[openib-general] Unreliable OpemSM failover

Sat Dec 9 04:12:39 PST 2006

On Fri, 2006-12-08 at 21:25, Venkatesh Babu wrote:
> Hal Rosenstock wrote:
> 
> >Was this the same scenario or something different ?
> >  
> >
> I had killed the previous OpenSM instance. So I lost that information.
> It is the same OpenSM failover issue and using the exact same setup and 
> scripts to reproduce. It another instance of the problem. 
> 
> >So your OUI is 0x005045 ? That appears to be registered to Rioworks. Is
> >that right ?
> >
> >  
> >
>   Yes, that is right. They are the OUI vendors for the IB HCAs.
> 
> >Does this correspond to when node 2 SM goes down, SM comes up, or
> >something else ? 
> >  
> >
>   I don't know the exact sequence when this message is displayed. All I 
> can say is that it was the last message printed by the OpenSM. I am not 
> rebooting the node 1 or  killing the OpenSM.  It is staying constant.
>   I have a script to reboot node 2 every couple of minutes.  It  will 
> stop rebooting  if it finds one of these conditions -
> 1.  SM1 on port1 is master but SM2 on port2 is not master
> 2. SM2 on port2 is master but SM1 on port1 is not master
> 3. Port1/2 is not ACTIVE
> 4. Port1/2's sm_lid/port lid is zero

Understood.

>   I am capturing this all the output at the end of the test when the 
> script was terminated.
> 
> >Not sure why OpenSM decides to exit (due to this error which should be
> >recoverable). It then fails to exit (hangs) as the other threads are not
> >terminated. 
> >
> >Is osm_exit_flag set ? I presume it is but would like verification.
> >What are the thread_state values of the various threads ?
> >  
> >
>   Unfortunately someone powerd off Node1, while I was debugging. So I 
> can not findout this.
> 
>   On Node2 :
> (gdb) p osm_exit_flag
> $1 = 0

I was interested in the one on Node1 when it appeared to be trying to
exit (which it shouldn't be but is) and the other threads don't seem to
terminate.

>   How do I findout the thread_state value ?
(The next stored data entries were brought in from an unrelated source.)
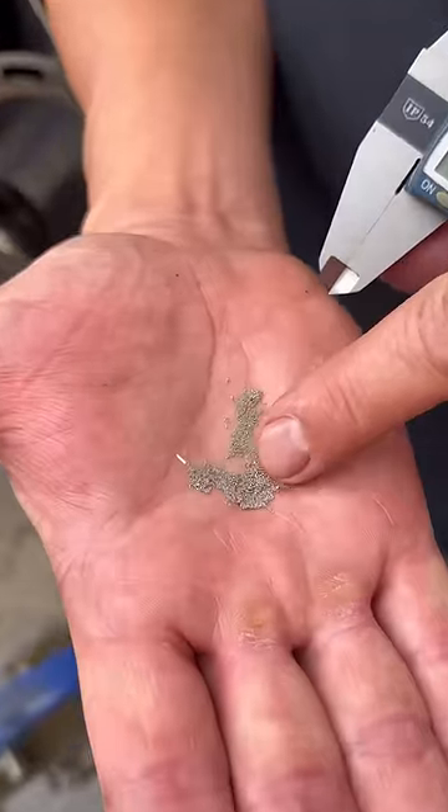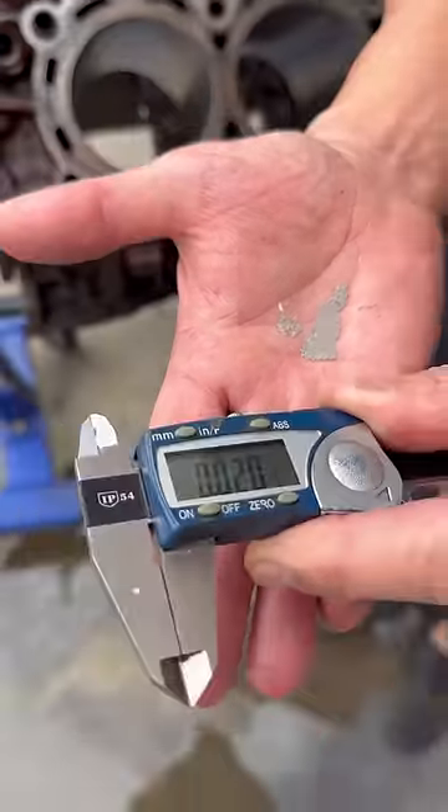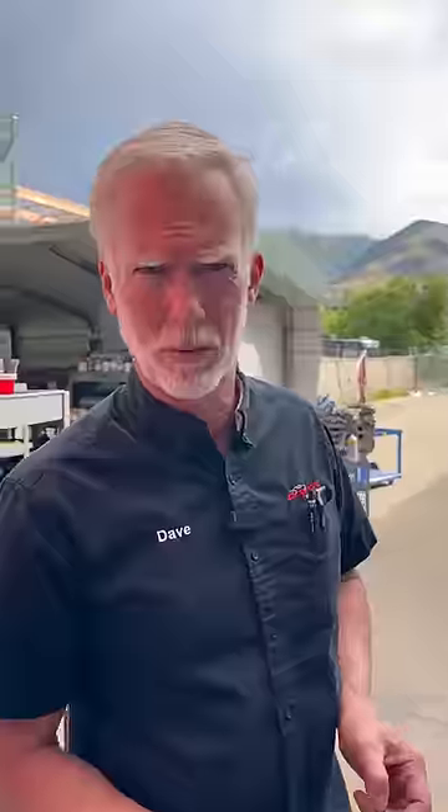Everybody has been scared to death about these little beads in here. These are the shot — it's stainless steel. We're going to see how big these are: they're .020". The clearance on most engine bearings is .002". Some of you have said your concern is if we leave a bead in there, what will it do? It will tear the crap out of your bearings and your motor. It will destroy your built engine.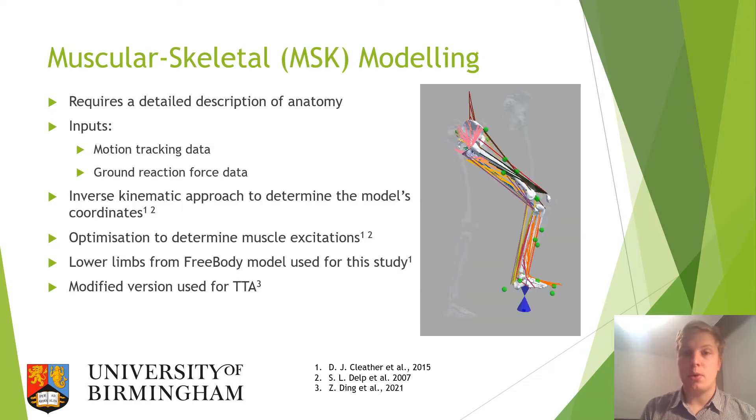For the musculoskeletal modelling aspect of this project, a modified version of FreeBody was used. This had been modified to have the anatomy of a transtibial amputee with a shortened shank and no ankle. Through inputting motion tracking data and ground reaction force data, an inverse kinematic approach was used to determine the model's coordinates, and then muscle excitations were determined using optimisation.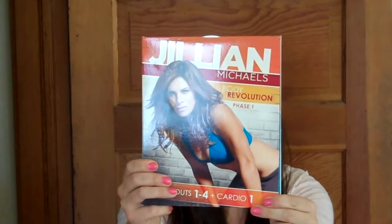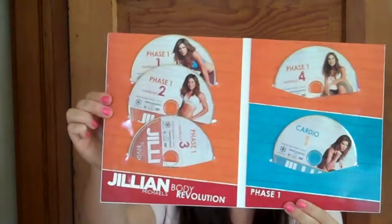I will go ahead and open the DVD set. I should have opened it all ahead, but I wanted it to actually be unboxing. This is cool — in here Phase 1, Phase 2, and Phase 3 are in their own separate little cases. I'll show you Phase 1. So Phase 1 has Workout 1, Workout 2, Workout 3, Workout 4, and then Cardio for Phase 1. It has all of that for Phase 2 and Phase 3 also.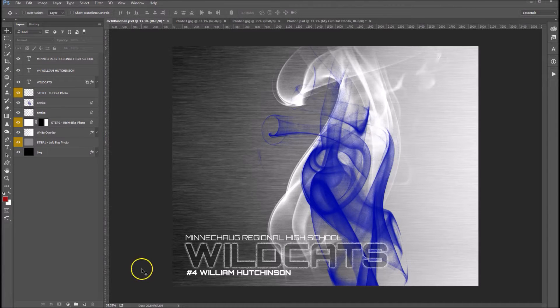Hey folks, Sonia Ash here from Ash Design. Today I want to show you how easy it is to use one of our Amped Effect sports templates.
It's a variable in the SM structure (in the SM thread).

> >>Node 2:
> >>======
> >>    
> >>
> >
> >Is this when node 2 comes back up and SM is restarted on both ports or
> >is it after the SM is stopped on port 2 ?
> >
> >  
> >
>    As I said earlier, this is the snapshot when the script is stopped 
> rebooting as I described above.
> 
> >>                port:   2
> >>                        state:                  PORT_INIT (2)
> >>                        max_mtu:                2048 (4)
> >>                        active_mtu:             2048 (4)
> >>                        sm_lid:                 4
> >>    
> >>
> >
> >This port still points at the SM on node 1, right ?
> >  
> >
>    Yes that is right.
> 
> >  
> >
> >>                        port_lid:               2
> >>                        port_lmc:               0x00
> >>
> >>
> >>0x0000000000010083, expected comp mask = 0x00000000000130c7, MGID: 
> >>0xffffffffffff0000 : 0x0000000000000000 from port 0x0050450148ba0002
> >>Dec 07 11:29:03 817752 [0000] -> Exiting SM
> >>    
> >>
> >
> >You stopped this SM, right ?
> >  
> >
>   No I didn't stop the SM.
> 
> >>[root at localhost ~]#
> >>[root at localhost ~]# gdb /var/log/opensm2.log 6867
> >>    
> >>
> >
> >Why gdb this node's SM ? I'm not following you.
> >
> >Should point at executable not log.
> >  
> >
>   You are right. It is a cut and paste error.

One more thing:

When you upgraded to OFED 1.2, did you build and install the management
libraries (libibcommon, libibumad are important here and libibmad for
diags) ?

-- Hal

> 
>    VBabu